▸ Provided material
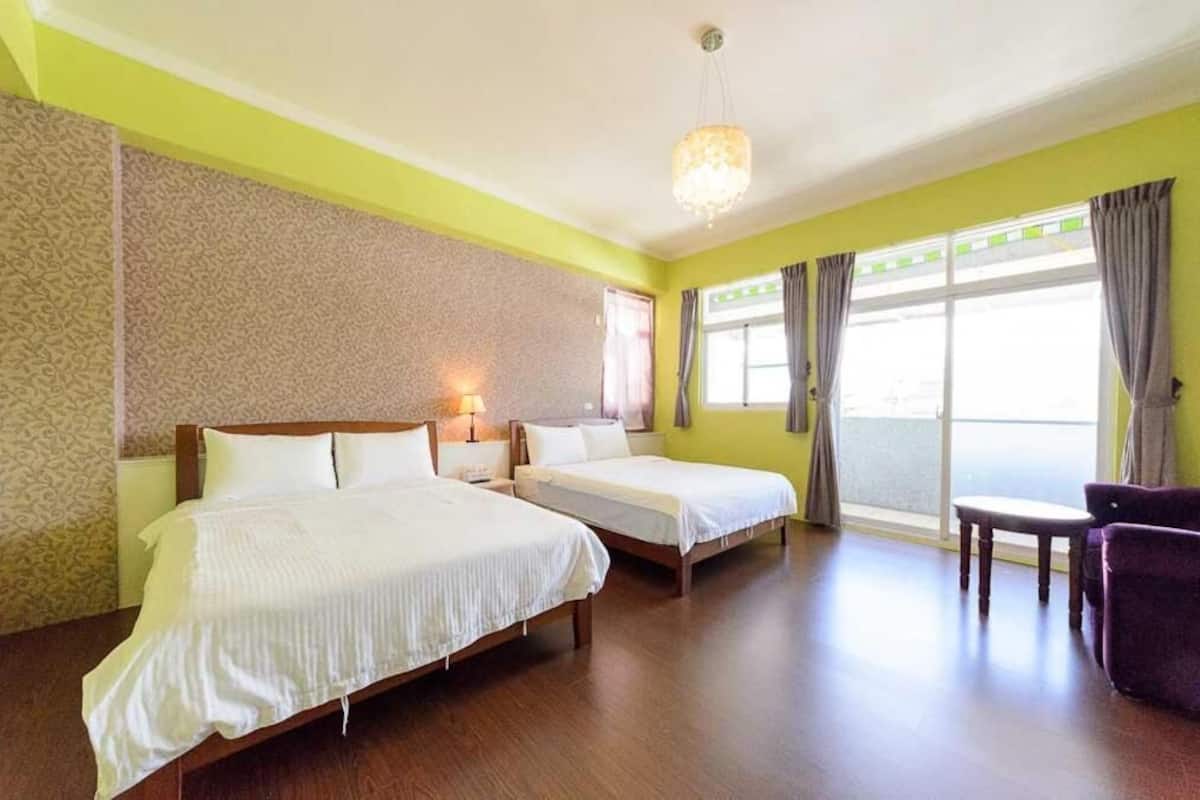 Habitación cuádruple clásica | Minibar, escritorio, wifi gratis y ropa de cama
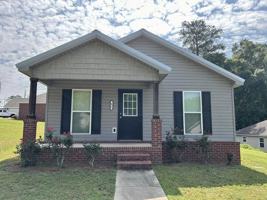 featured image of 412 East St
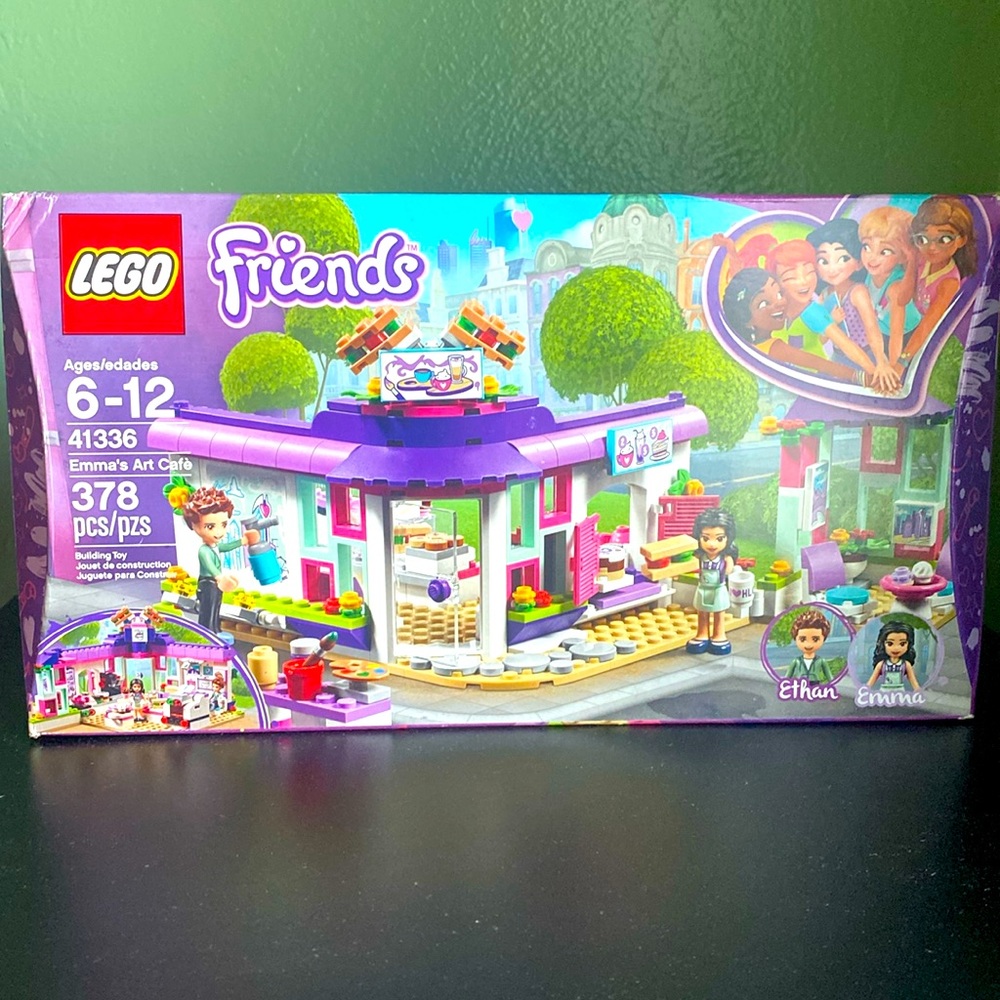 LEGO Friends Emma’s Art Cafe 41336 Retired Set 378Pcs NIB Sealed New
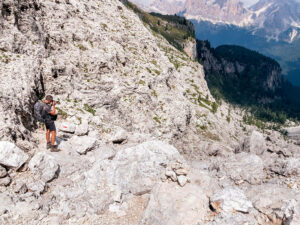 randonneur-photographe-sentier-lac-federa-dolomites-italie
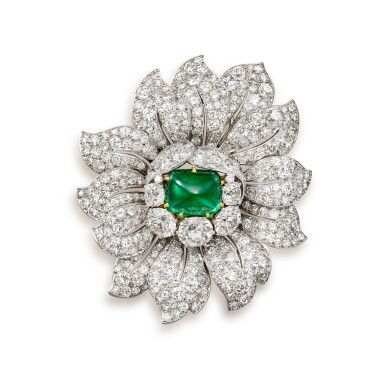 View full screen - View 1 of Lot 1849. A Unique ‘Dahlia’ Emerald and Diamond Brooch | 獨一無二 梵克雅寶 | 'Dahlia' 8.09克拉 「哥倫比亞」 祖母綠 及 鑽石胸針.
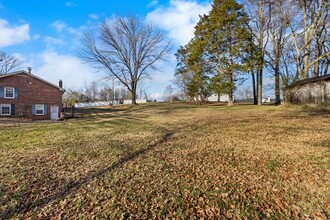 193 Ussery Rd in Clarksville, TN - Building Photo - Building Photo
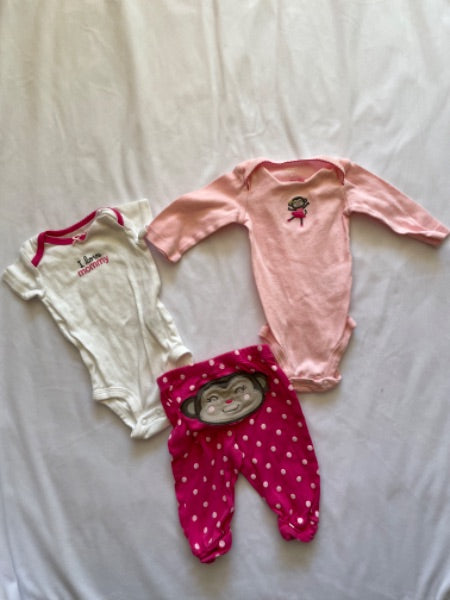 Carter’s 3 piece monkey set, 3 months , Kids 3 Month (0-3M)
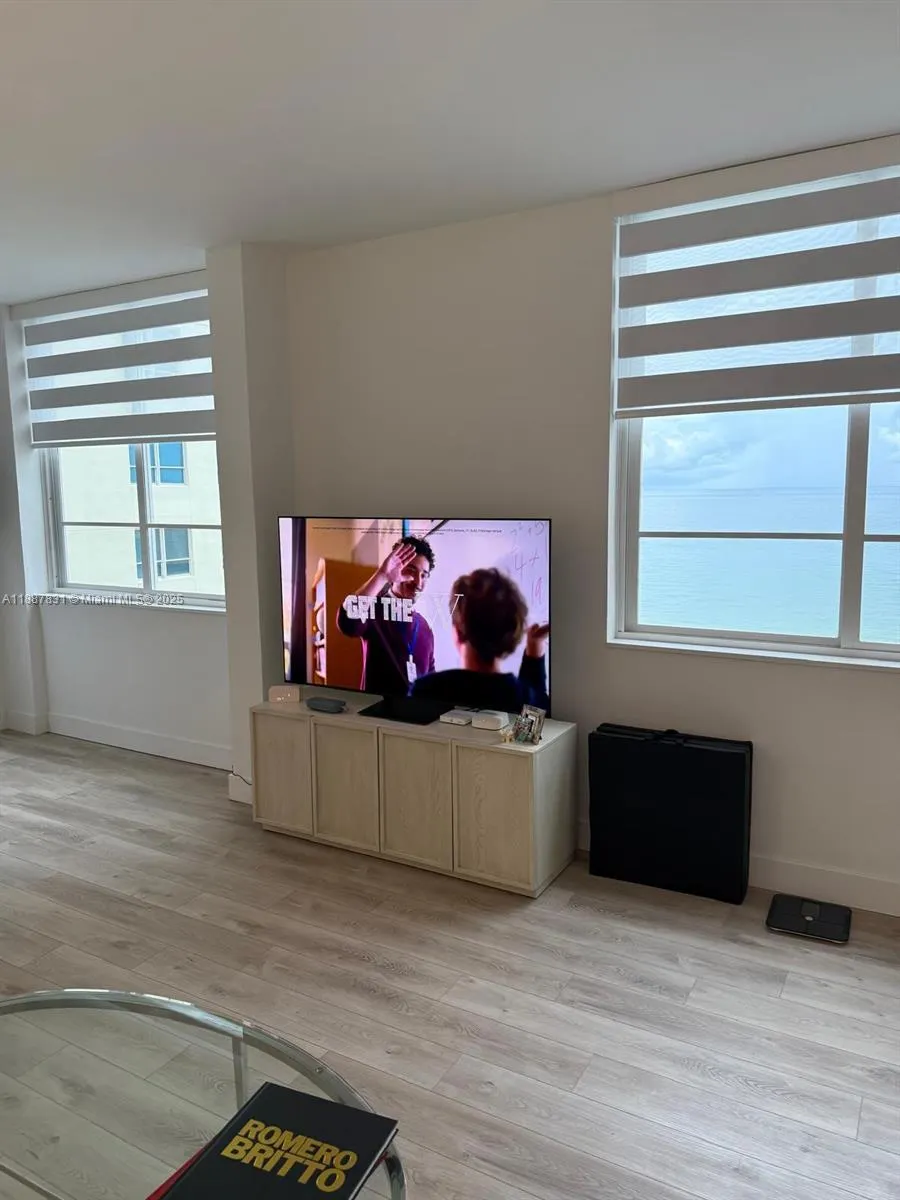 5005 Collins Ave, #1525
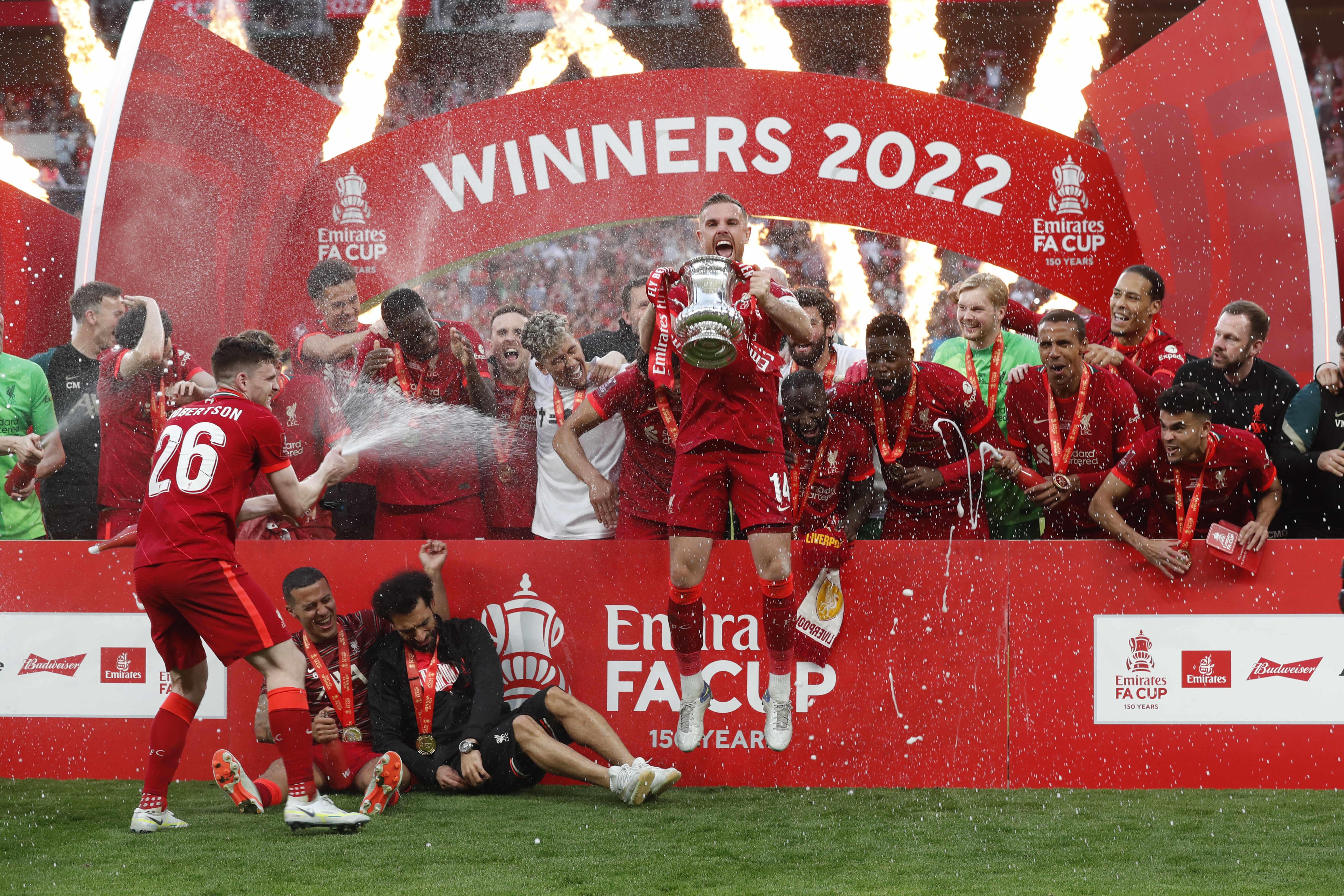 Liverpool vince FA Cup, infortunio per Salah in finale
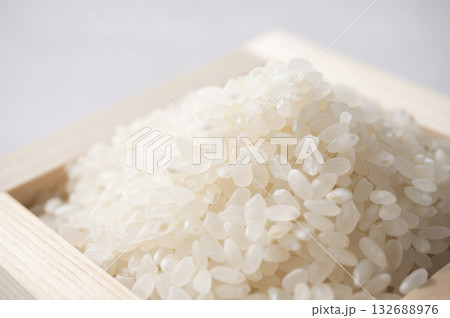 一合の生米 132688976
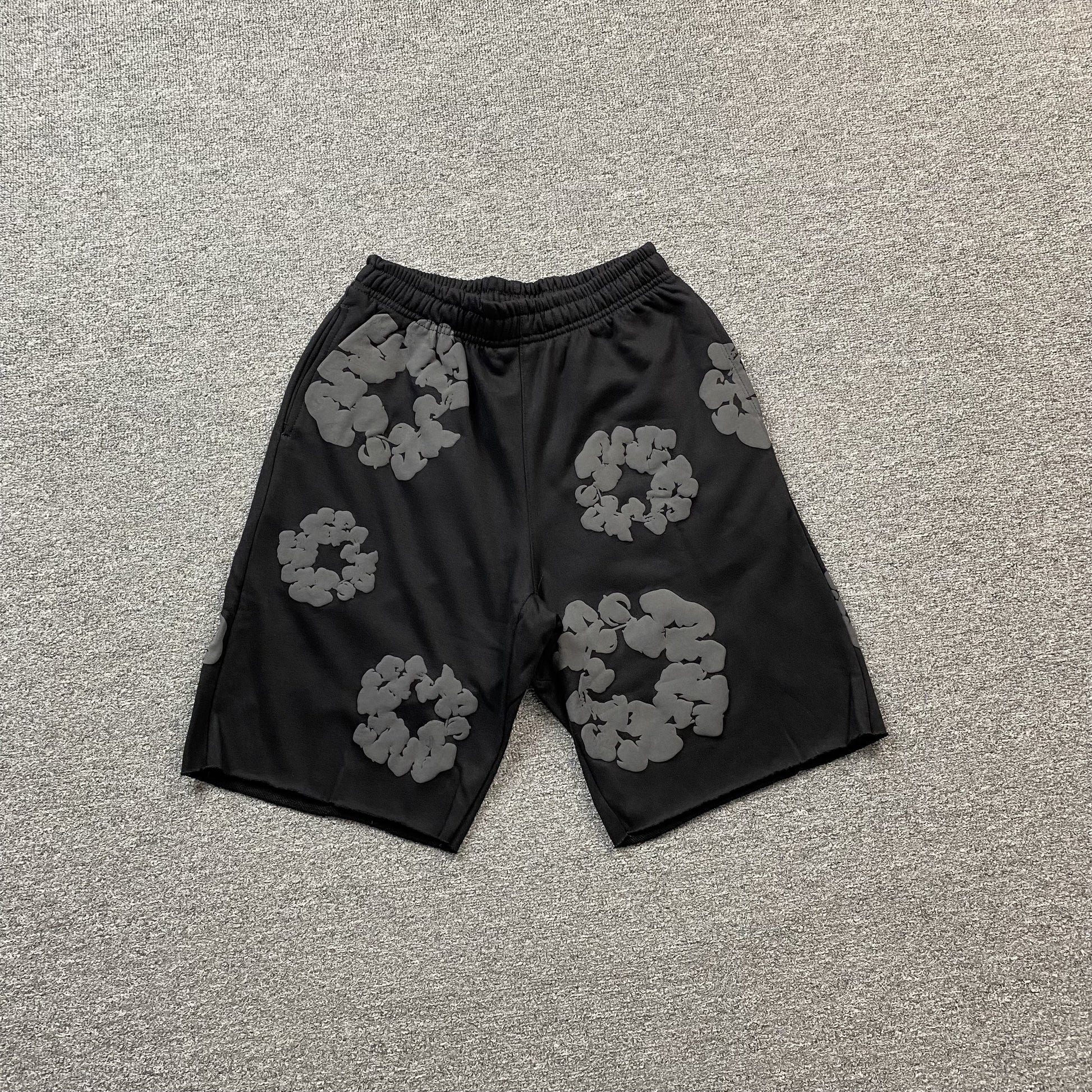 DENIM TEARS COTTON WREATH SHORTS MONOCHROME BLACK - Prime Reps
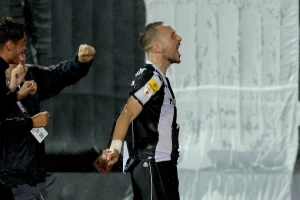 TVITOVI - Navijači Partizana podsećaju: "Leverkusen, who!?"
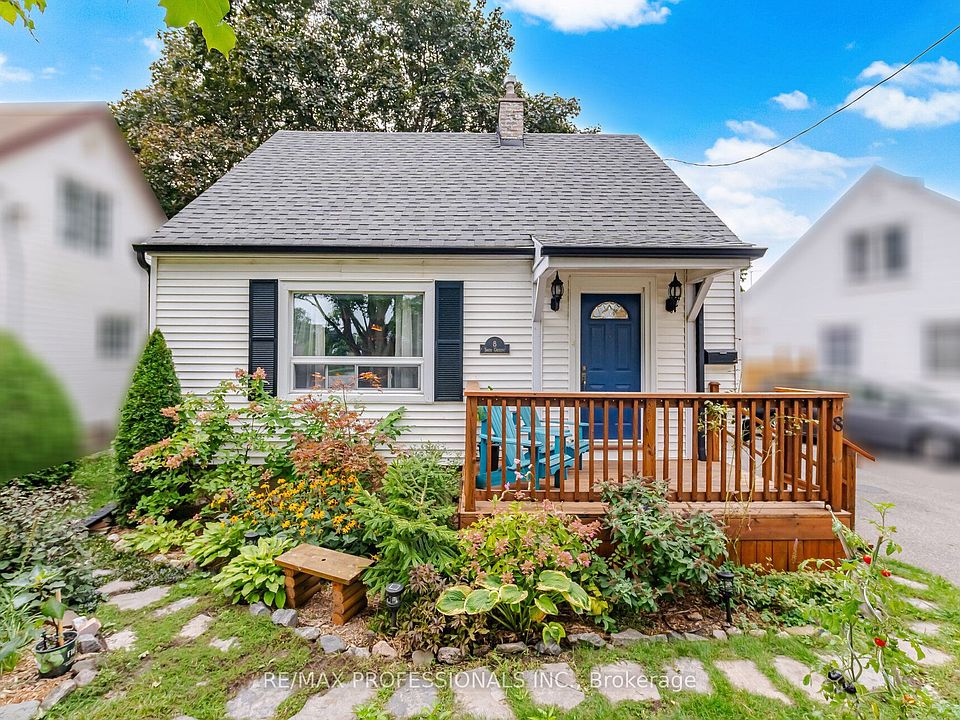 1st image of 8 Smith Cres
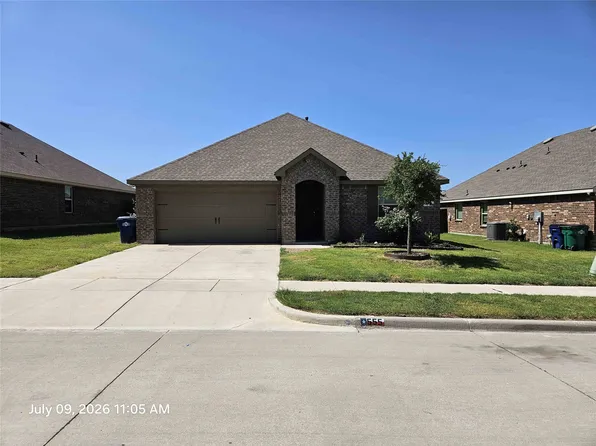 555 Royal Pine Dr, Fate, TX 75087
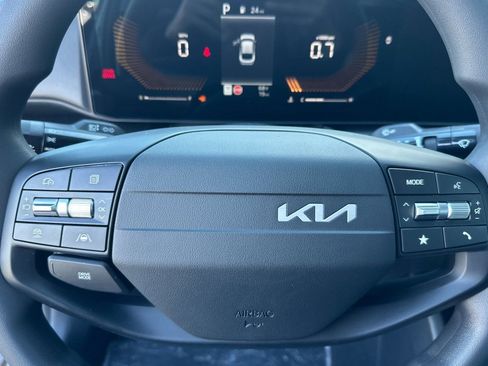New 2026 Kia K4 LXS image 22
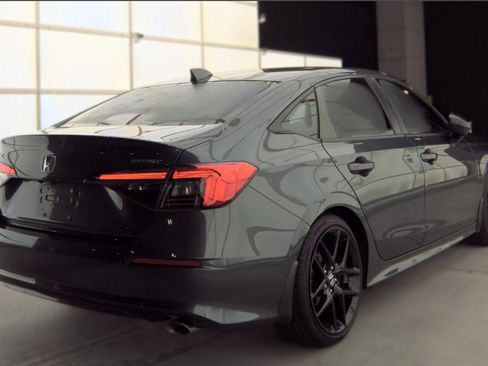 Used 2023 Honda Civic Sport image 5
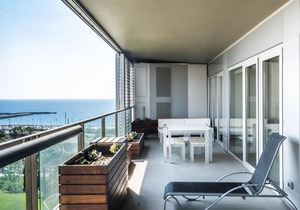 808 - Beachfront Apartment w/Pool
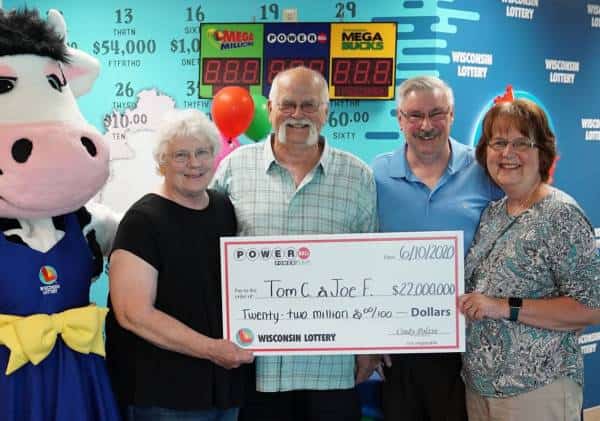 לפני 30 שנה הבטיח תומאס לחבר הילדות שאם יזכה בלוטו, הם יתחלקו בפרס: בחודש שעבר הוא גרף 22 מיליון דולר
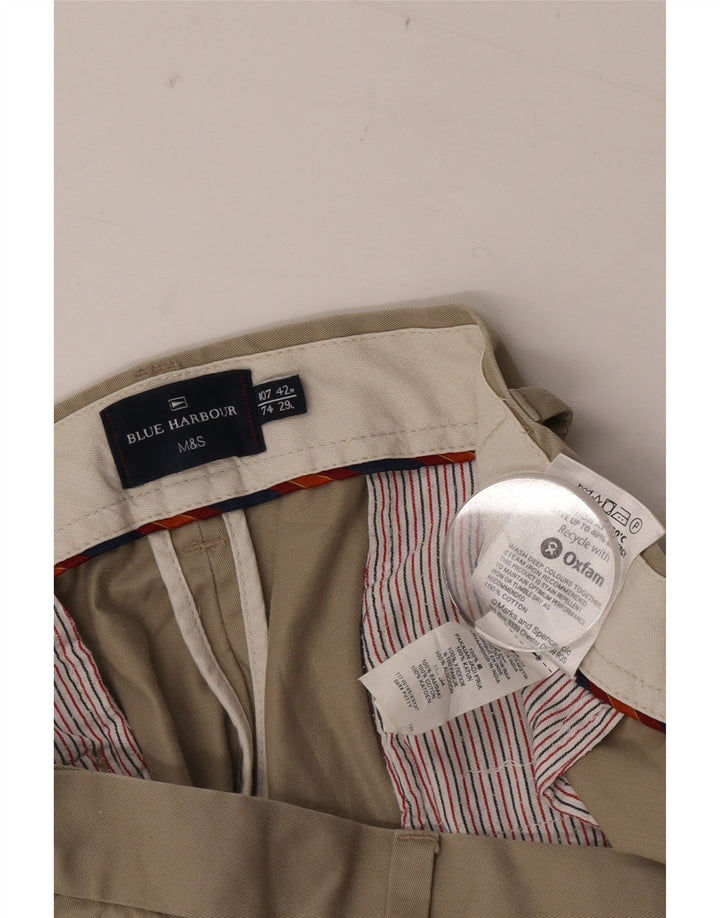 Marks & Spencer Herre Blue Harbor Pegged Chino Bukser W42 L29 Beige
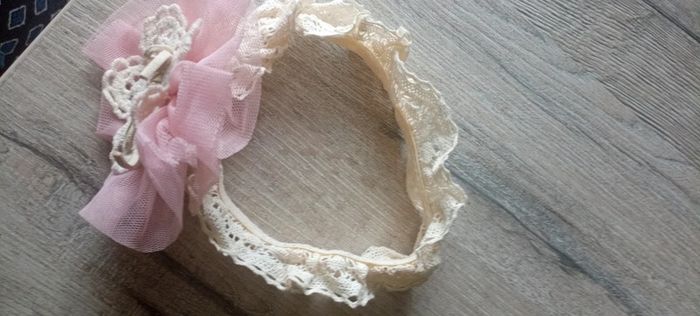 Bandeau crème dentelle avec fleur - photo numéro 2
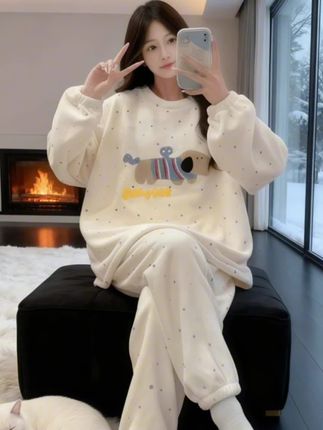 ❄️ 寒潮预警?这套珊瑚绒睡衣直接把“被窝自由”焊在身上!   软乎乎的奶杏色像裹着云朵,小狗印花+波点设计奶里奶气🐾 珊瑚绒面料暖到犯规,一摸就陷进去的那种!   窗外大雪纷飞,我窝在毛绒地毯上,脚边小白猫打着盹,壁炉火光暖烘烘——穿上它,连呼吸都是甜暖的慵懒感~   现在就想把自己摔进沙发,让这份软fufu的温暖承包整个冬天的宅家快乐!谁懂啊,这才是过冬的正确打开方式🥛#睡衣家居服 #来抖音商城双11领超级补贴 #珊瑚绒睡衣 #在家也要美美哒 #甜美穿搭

▸ Assignment
Write out the entries word for word. Skip the pictures.

▸ Response to this exercise
 Habitación cuádruple clásica | Minibar, escritorio, wifi gratis y ropa de cama
 featured image of 412 East St
 LEGO Friends Emma’s Art Cafe 41336 Retired Set 378Pcs NIB Sealed New
 randonneur-photographe-sentier-lac-federa-dolomites-italie
 View full screen - View 1 of Lot 1849. A Unique ‘Dahlia’ Emerald and Diamond Brooch | 獨一無二 梵克雅寶 | 'Dahlia' 8.09克拉 「哥倫比亞」 祖母綠 及 鑽石胸針.
 193 Ussery Rd in Clarksville, TN - Building Photo - Building Photo
 Carter’s 3 piece monkey set, 3 months , Kids 3 Month (0-3M)
 5005 Collins Ave, #1525
 Liverpool vince FA Cup, infortunio per Salah in finale
 一合の生米 132688976
 DENIM TEARS COTTON WREATH SHORTS MONOCHROME BLACK - Prime Reps
 TVITOVI - Navijači Partizana podsećaju: "Leverkusen, who!?"
 1st image of 8 Smith Cres
 555 Royal Pine Dr, Fate, TX 75087
New 2026 Kia K4 LXS image 22
 Used 2023 Honda Civic Sport image 5
 808 - Beachfront Apartment w/Pool
 לפני 30 שנה הבטיח תומאס לחבר הילדות שאם יזכה בלוטו, הם יתחלקו בפרס: בחודש שעבר הוא גרף 22 מיליון דולר
 Marks & Spencer Herre Blue Harbor Pegged Chino Bukser W42 L29 Beige
 Bandeau crème dentelle avec fleur - photo numéro 2
 ❄️ 寒潮预警?这套珊瑚绒睡衣直接把“被窝自由”焊在身上!   软乎乎的奶杏色像裹着云朵,小狗印花+波点设计奶里奶气🐾 珊瑚绒面料暖到犯规,一摸就陷进去的那种!   窗外大雪纷飞,我窝在毛绒地毯上,脚边小白猫打着盹,壁炉火光暖烘烘——穿上它,连呼吸都是甜暖的慵懒感~   现在就想把自己摔进沙发,让这份软fufu的温暖承包整个冬天的宅家快乐!谁懂啊,这才是过冬的正确打开方式🥛#睡衣家居服 #来抖音商城双11领超级补贴 #珊瑚绒睡衣 #在家也要美美哒 #甜美穿搭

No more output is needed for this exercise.